■ Goal of the exercise:
Pull out the lines from the one containing "621 BUDGEON COMMON" through the final line of the listing below and repeat them exactly. Leave the pictures behind.
*** Begin section ***
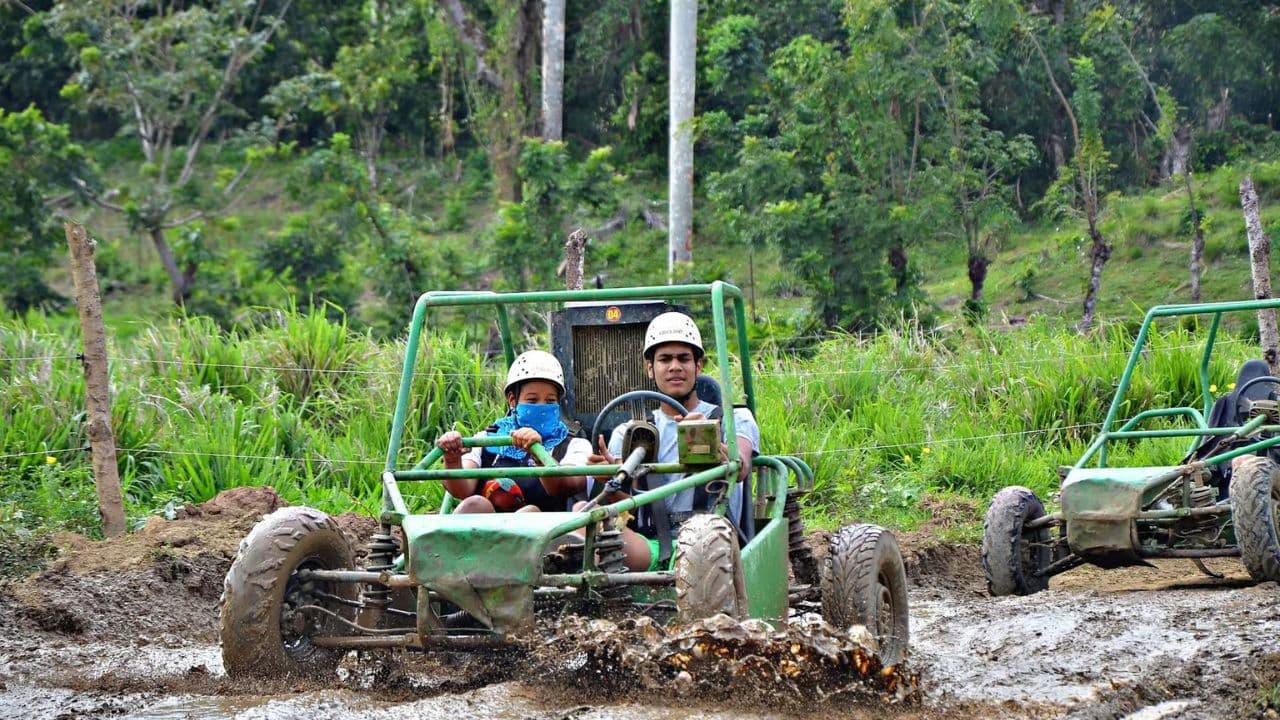 De Punta Cana : aventure en buggy et tyrolienne — Guided tour and outdoor activity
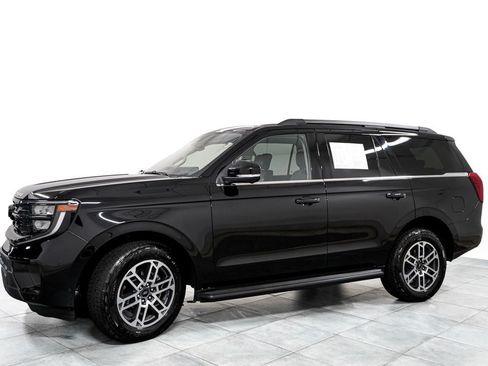 Used 2025 Ford Expedition Active AWD/4WD image 4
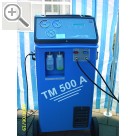 Informationstage 2004 bei TECHMESS Elektronik. Der Klima-Service-Automat TM 500 A von TECHMESS ist inklusive leinspritzung.  
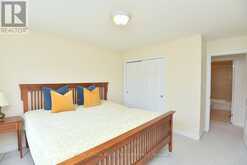 621 BUDGEON COMMON | Burlington Ontario | Slide Image Twenty-five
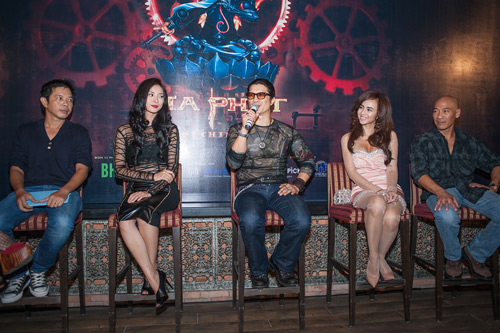 Dustin Nguyễn xúc động đón sao Hollywood - 11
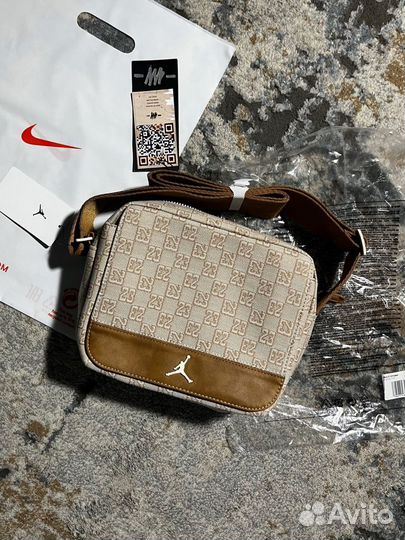 Сумка Nike Jordan Monogram Shoulder Bag Coconut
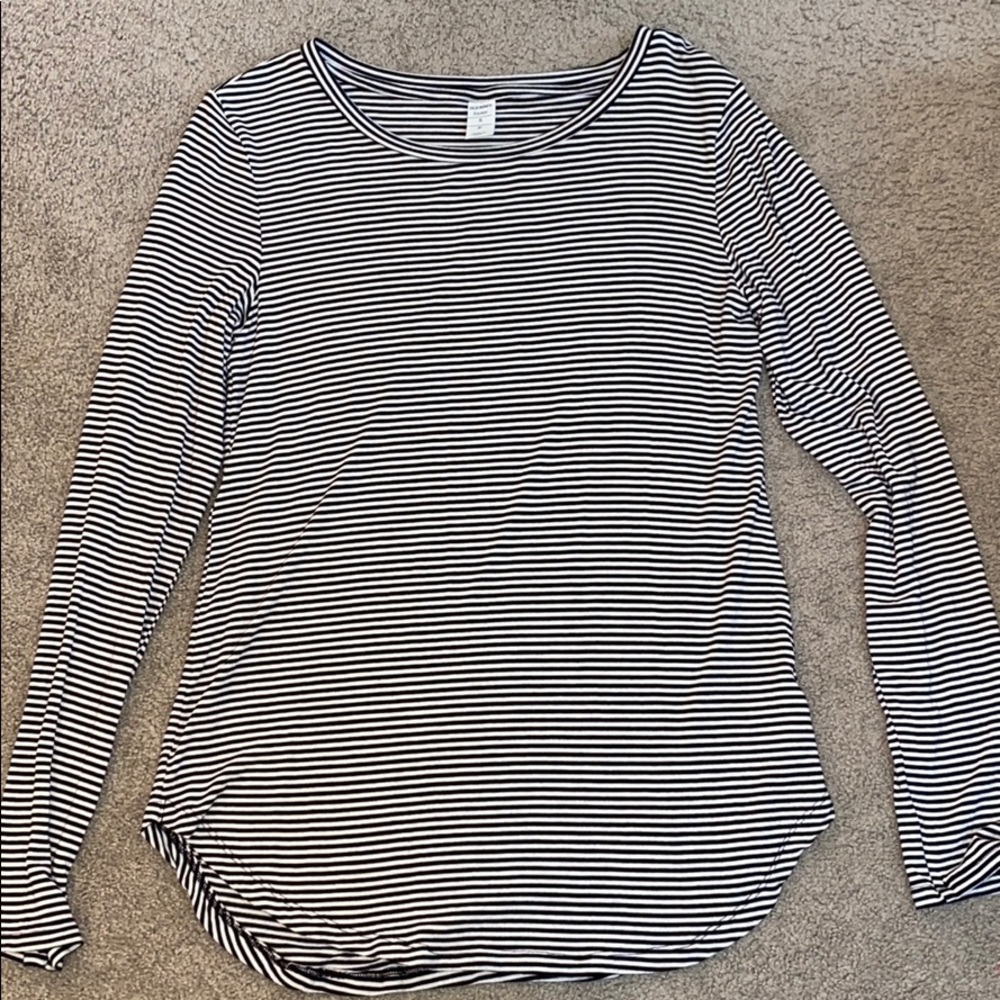 Old Navy black and white striped long sleeve shirt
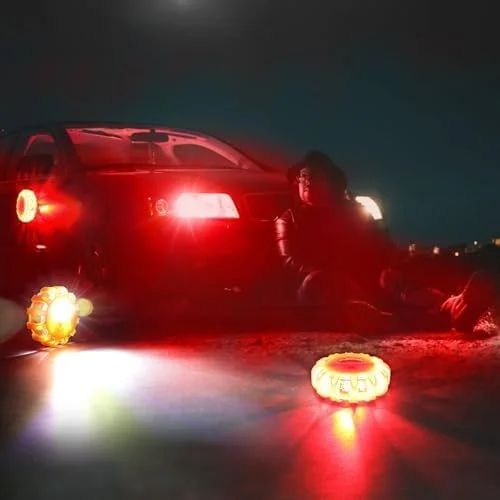 2 عدد چراغ اضطراری LED جاده ای قابل شارژ USB، چراغ هشدار کنار جاده ای دیسک چشمک زن با پایه مغناطیسی و قلاب، چراغ های هشدار ضد آب با 9 حالت چشمک زن (شامل باتری)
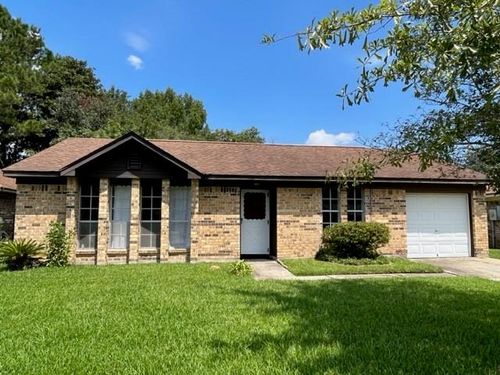 310 Portsmouth Dr, Slidell, LA, 70460-8428 | Card Image
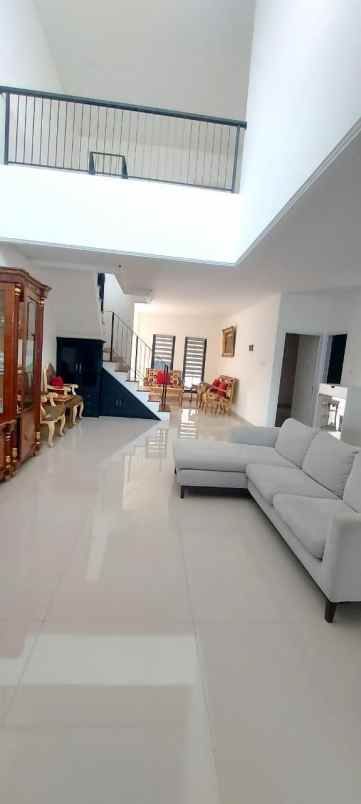 dijual rumah giri loka 2 bsd city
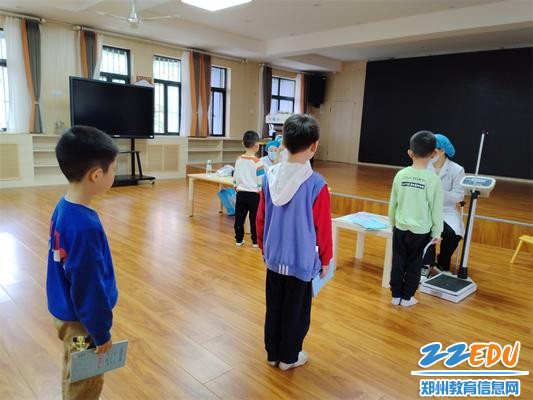 1+“安静配合医生检查。” 1+“安静配合医生检查。”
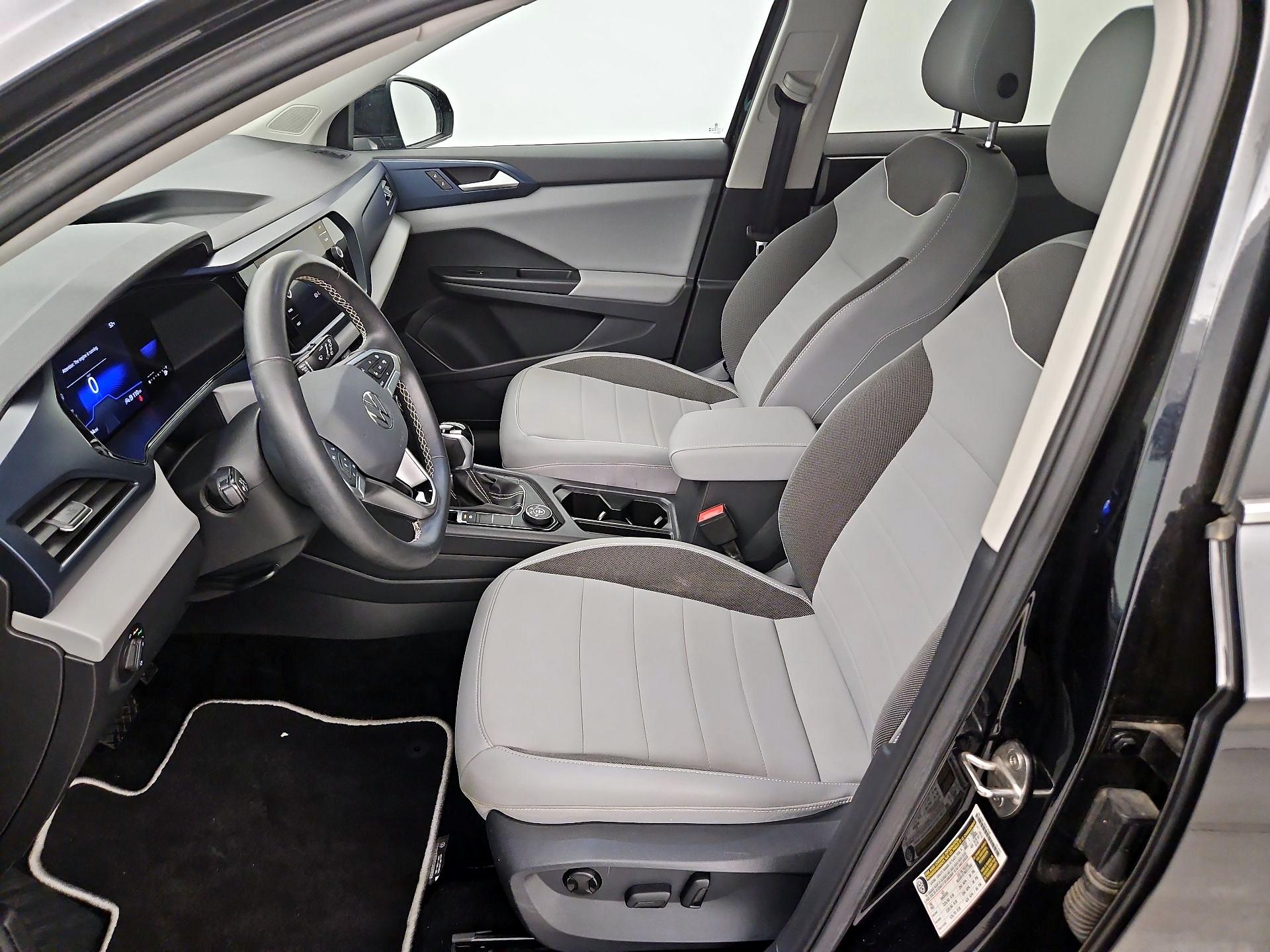 Thumbnail: 2023 Volkswagen Taos - 11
*** End section ***
■ Your solution:
 621 BUDGEON COMMON | Burlington Ontario | Slide Image Twenty-five
 Dustin Nguyễn xúc động đón sao Hollywood - 11
 Сумка Nike Jordan Monogram Shoulder Bag Coconut
 Old Navy black and white striped long sleeve shirt
 2 عدد چراغ اضطراری LED جاده ای قابل شارژ USB، چراغ هشدار کنار جاده ای دیسک چشمک زن با پایه مغناطیسی و قلاب، چراغ های هشدار ضد آب با 9 حالت چشمک زن (شامل باتری)
 310 Portsmouth Dr, Slidell, LA, 70460-8428 | Card Image
 dijual rumah giri loka 2 bsd city
 1+“安静配合医生检查。” 1+“安静配合医生检查。”
 Thumbnail: 2023 Volkswagen Taos - 11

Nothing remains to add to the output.